# MATERIAL PROVIDED
——

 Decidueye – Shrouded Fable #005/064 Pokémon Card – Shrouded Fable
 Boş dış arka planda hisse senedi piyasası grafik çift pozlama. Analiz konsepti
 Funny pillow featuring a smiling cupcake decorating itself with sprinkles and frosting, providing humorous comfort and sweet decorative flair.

——

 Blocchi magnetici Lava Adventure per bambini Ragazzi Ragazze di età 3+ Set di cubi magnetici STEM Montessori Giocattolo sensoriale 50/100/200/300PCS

——

# TO DO
Of the entries above, repeat exactly the lines from the line with "Decidueye – Shrouded" through the line with "Funny pillow featuring", both of them included.

# TASK RESULT
 Decidueye – Shrouded Fable #005/064 Pokémon Card – Shrouded Fable
 Boş dış arka planda hisse senedi piyasası grafik çift pozlama. Analiz konsepti
 Funny pillow featuring a smiling cupcake decorating itself with sprinkles and frosting, providing humorous comfort and sweet decorative flair.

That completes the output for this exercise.